▶ **Task**:
When the line with "Gianni Lupo Pantalon homme noir à lacets" comes up, set it down and every later line to the end of the data, exactly and without pictures.

▶ **Dataset section**:

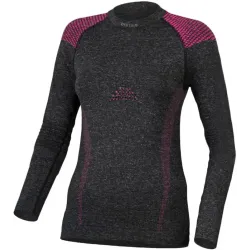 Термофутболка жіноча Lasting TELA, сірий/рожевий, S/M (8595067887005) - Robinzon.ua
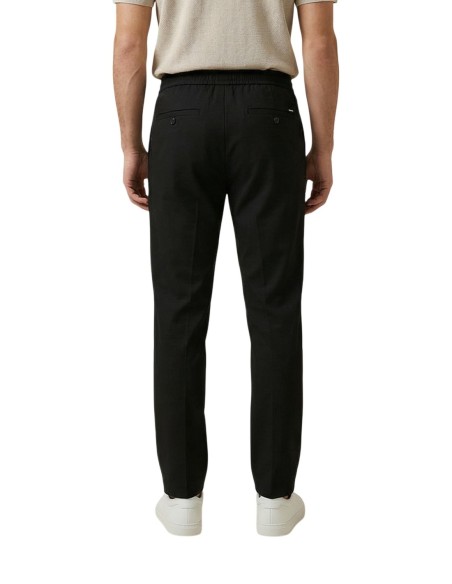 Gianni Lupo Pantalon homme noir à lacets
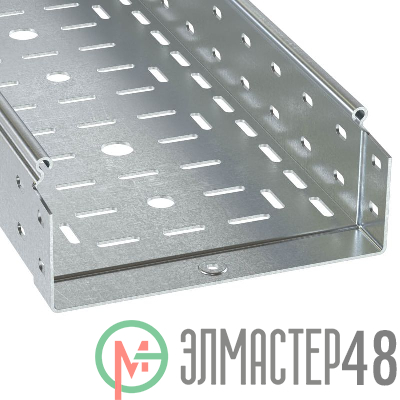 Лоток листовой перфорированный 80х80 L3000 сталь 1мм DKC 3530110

▶ **Response to this task**:
 Gianni Lupo Pantalon homme noir à lacets
 Лоток листовой перфорированный 80х80 L3000 сталь 1мм DKC 3530110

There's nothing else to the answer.